- **Problem to solve**
Reproduce exactly the line with "Culver Glass Ice" and every line that follows it below, up to and including the last one. Do not include pictures or anything else.

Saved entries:
········
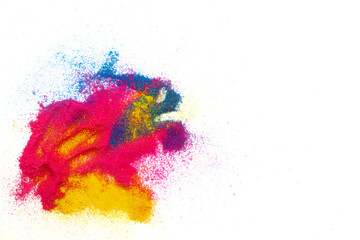 Top view of multicolored background for an Indian Festival Holi, Isolated on a white background. 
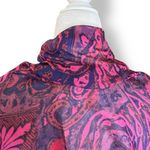 None Pink Purple Paisley Semi-Sheer Oversized Scarf Wrap Shawl Summer Swim Coverup Photo 6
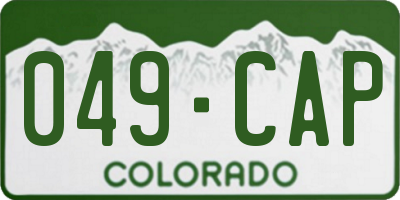 CO license plate 049CAP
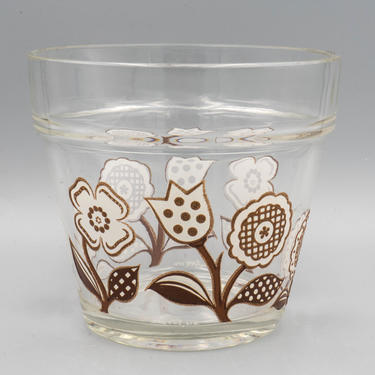 Culver Glass Ice Bucket, Brown Daisies | Vintage Barware Glassware | Retro Home Bar Decor 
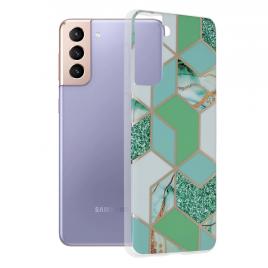 Husa samsung galaxy s21 plus, techsuit marble series, green hex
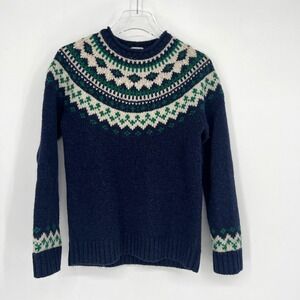 Vtg LL Bean Fair Isle Sweater Womens XS Lambswool Roll Neck Blue Green Preppy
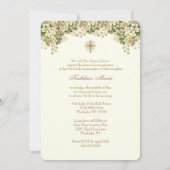 Invitation Communion catholique traditionnelle florale (Dos)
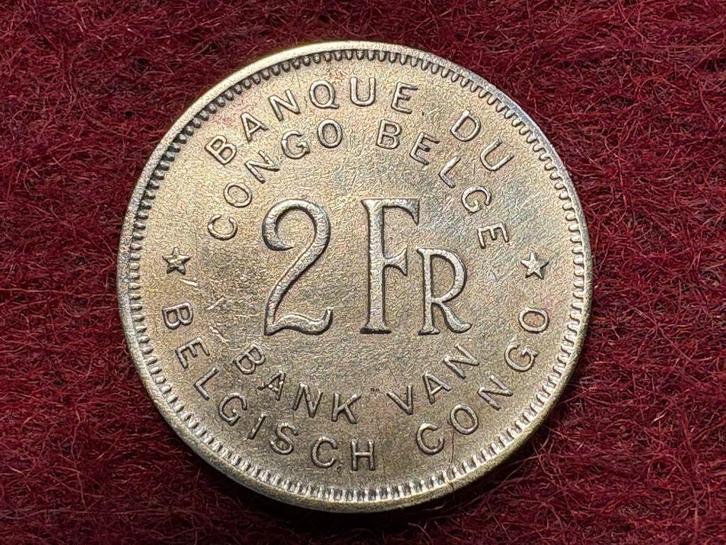 Belgisch Congo - 2 Frank 1947 (#036#), Postzegels en Munten, Munten | Afrika, Losse munt, Ophalen of Verzenden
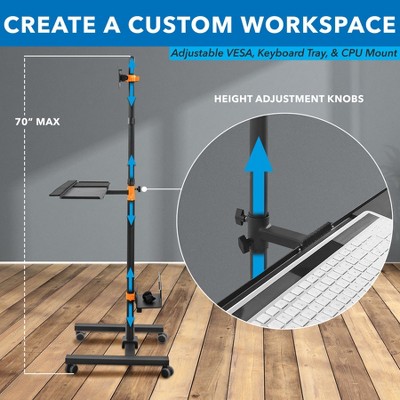 Black Height Adjustable Mobile Computer Cart with Monitor Mount and CPU Holder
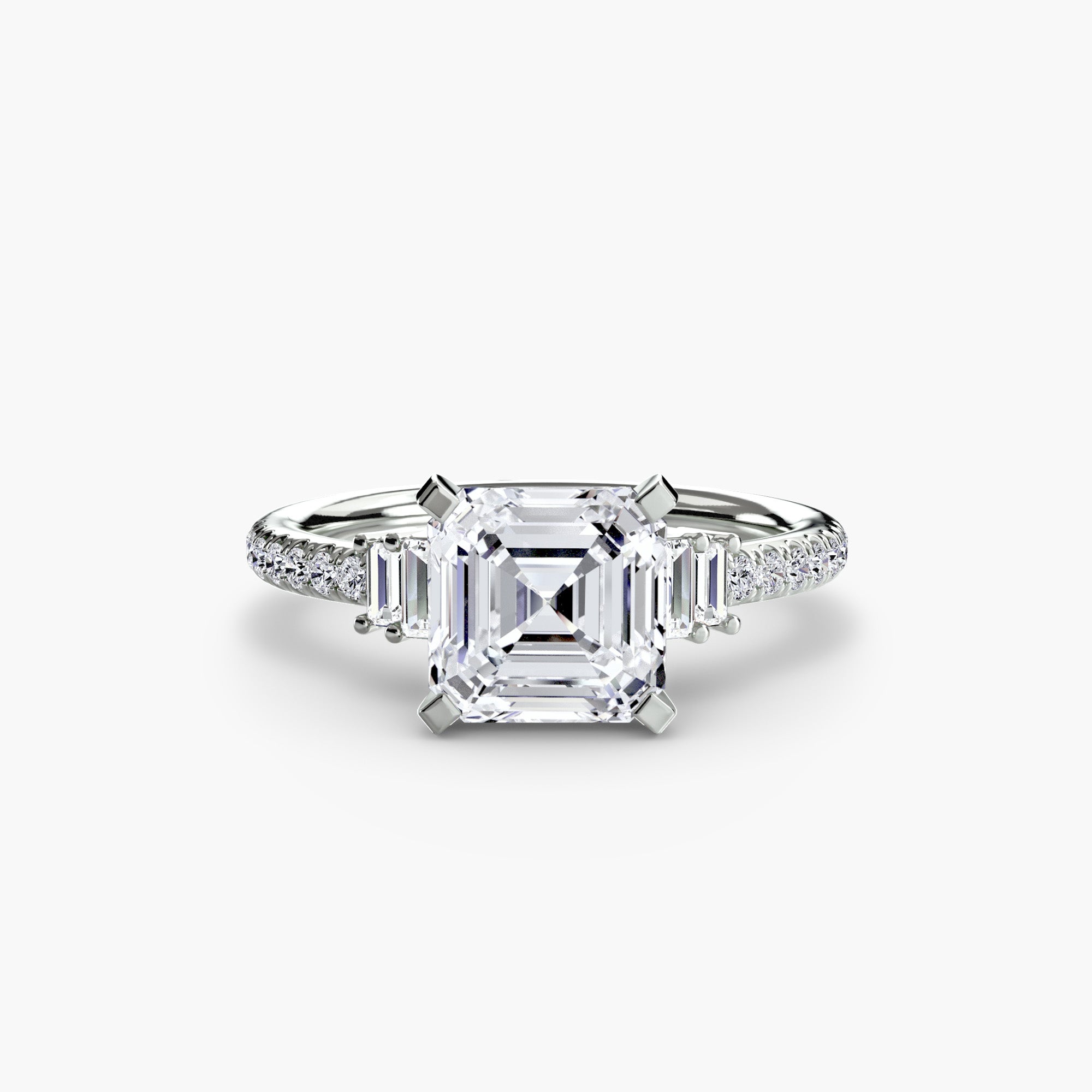 Inel Structured Solitaire cu Pave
········
- **Result for this exercise**
 Culver Glass Ice Bucket, Brown Daisies | Vintage Barware Glassware | Retro Home Bar Decor 
 Husa samsung galaxy s21 plus, techsuit marble series, green hex
 Vtg LL Bean Fair Isle Sweater Womens XS Lambswool Roll Neck Blue Green Preppy
 Invitation Communion catholique traditionnelle florale (Dos)
 Belgisch Congo - 2 Frank 1947 (#036#), Postzegels en Munten, Munten | Afrika, Losse munt, Ophalen of Verzenden
 Black Height Adjustable Mobile Computer Cart with Monitor Mount and CPU Holder
 Inel Structured Solitaire cu Pave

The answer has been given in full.